■ **Directions for this task**:
All of the records below are to be given again word for word, with the pictures removed.

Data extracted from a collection
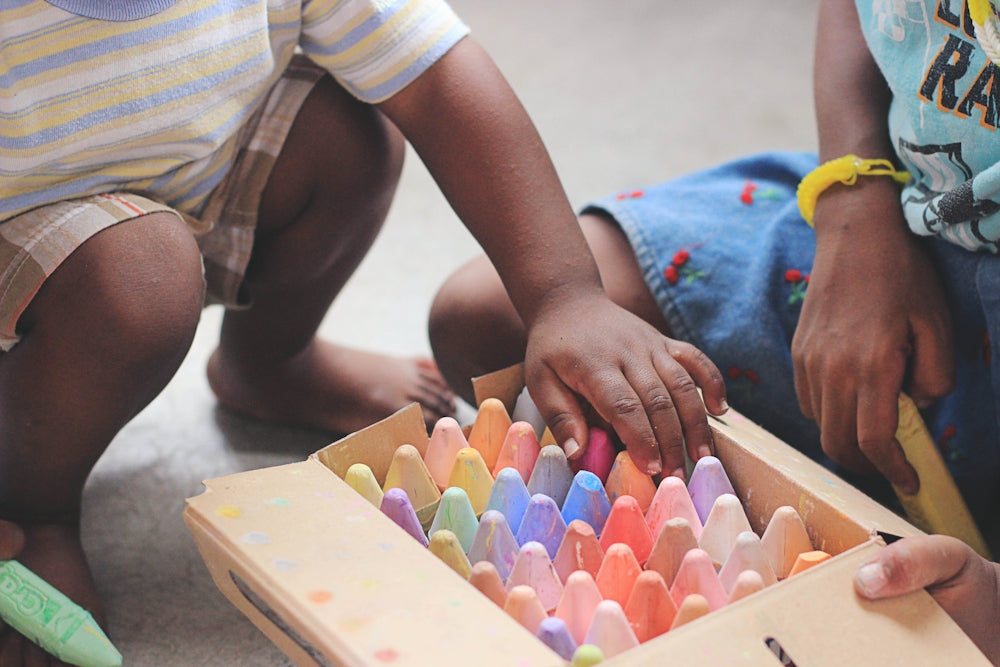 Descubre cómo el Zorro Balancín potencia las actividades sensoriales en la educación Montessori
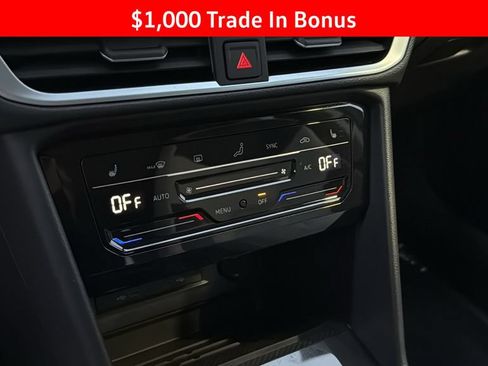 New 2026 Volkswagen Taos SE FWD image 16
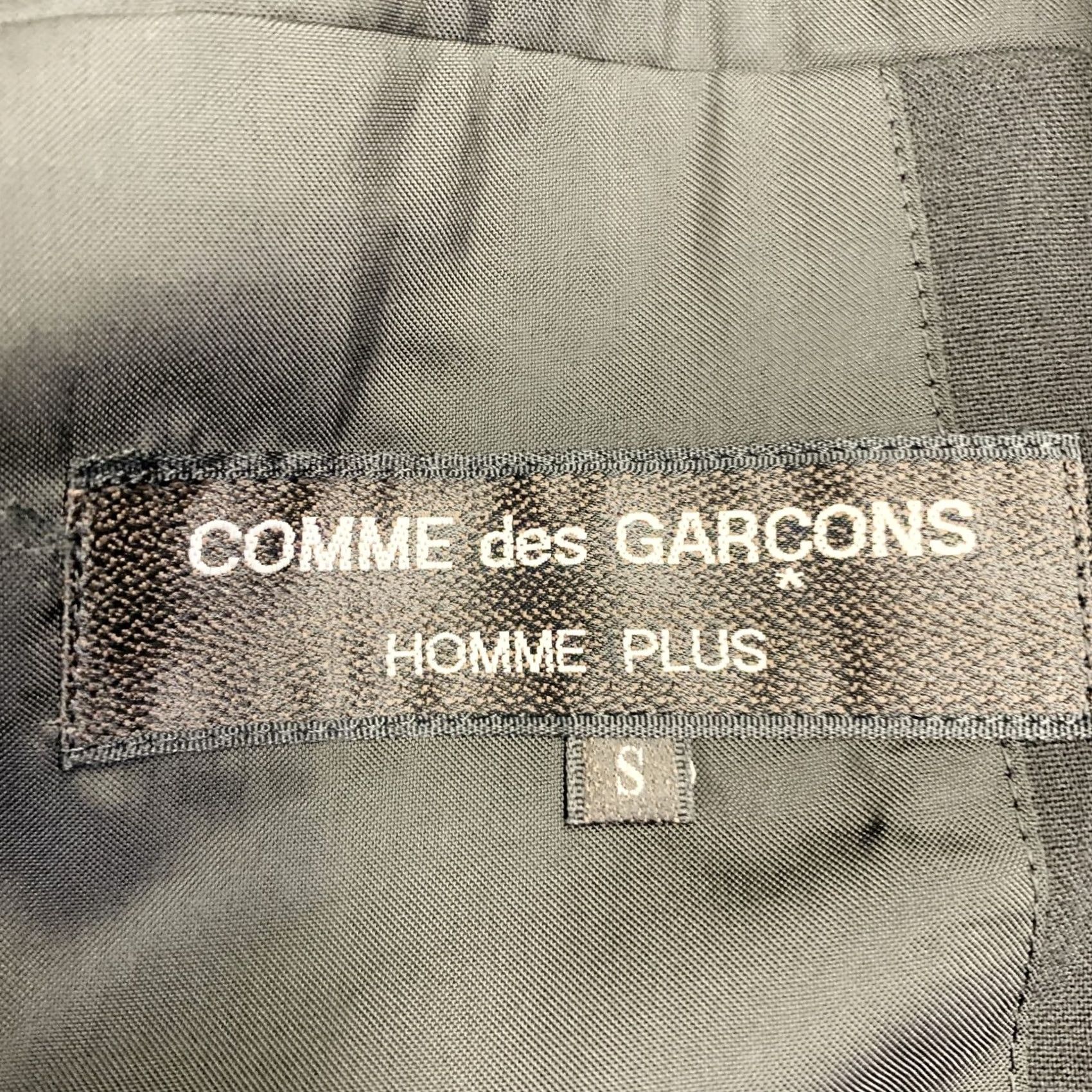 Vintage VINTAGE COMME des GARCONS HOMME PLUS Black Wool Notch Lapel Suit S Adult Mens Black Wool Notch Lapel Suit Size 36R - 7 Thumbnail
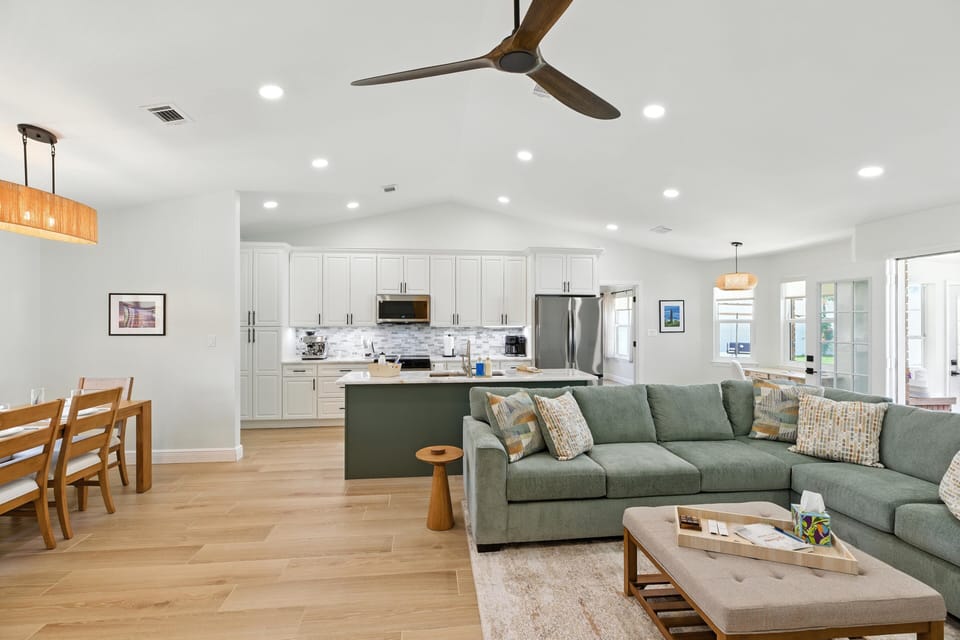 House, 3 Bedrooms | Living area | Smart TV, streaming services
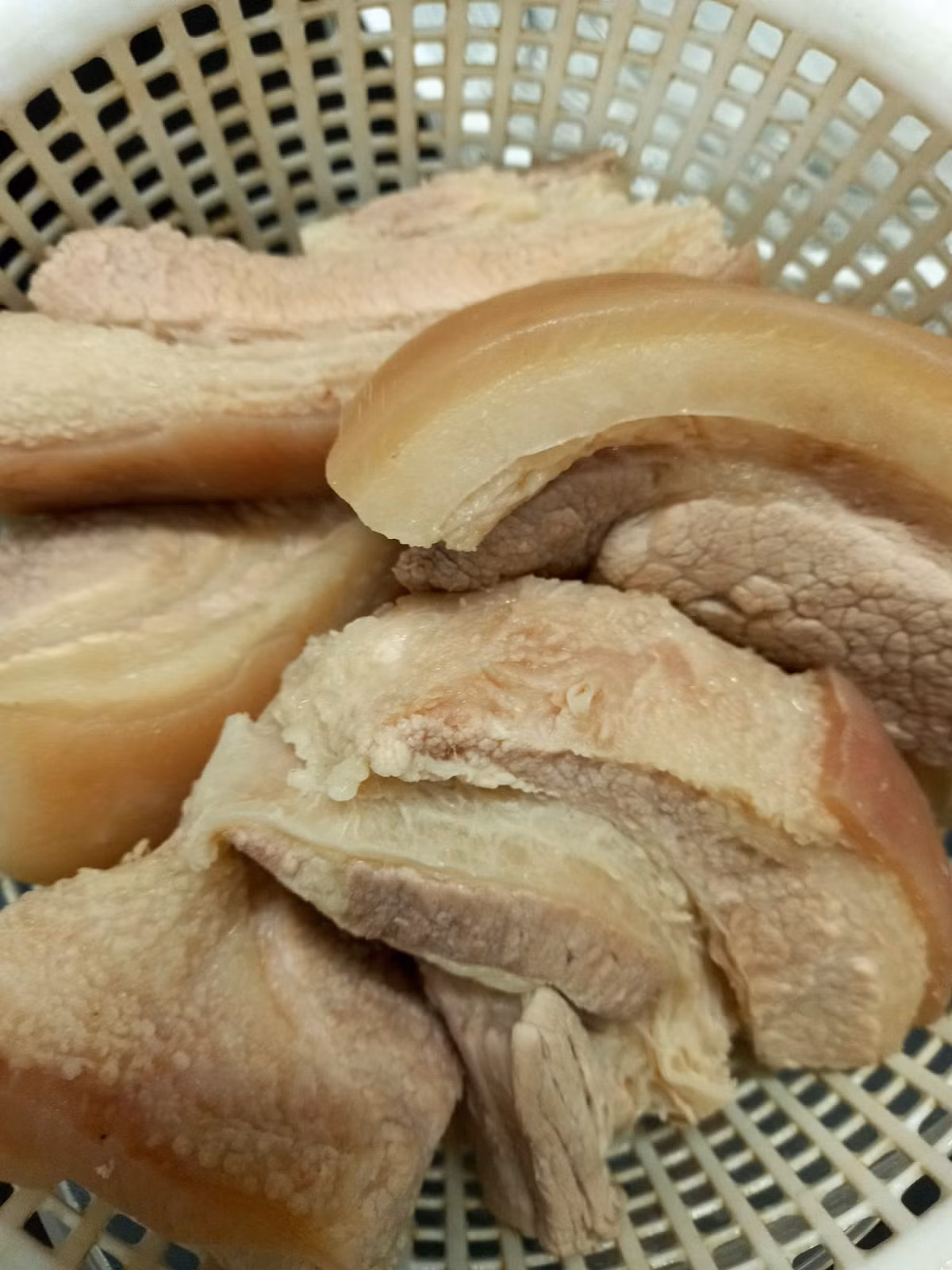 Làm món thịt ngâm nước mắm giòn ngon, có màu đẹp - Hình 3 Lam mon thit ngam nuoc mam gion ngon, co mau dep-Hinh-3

■ **Reply**:
 Descubre cómo el Zorro Balancín potencia las actividades sensoriales en la educación Montessori
 New 2026 Volkswagen Taos SE FWD image 16
 Vintage VINTAGE COMME des GARCONS HOMME PLUS Black Wool Notch Lapel Suit S Adult Mens Black Wool Notch Lapel Suit Size 36R - 7 Thumbnail
 House, 3 Bedrooms | Living area | Smart TV, streaming services
 Làm món thịt ngâm nước mắm giòn ngon, có màu đẹp - Hình 3 Lam mon thit ngam nuoc mam gion ngon, co mau dep-Hinh-3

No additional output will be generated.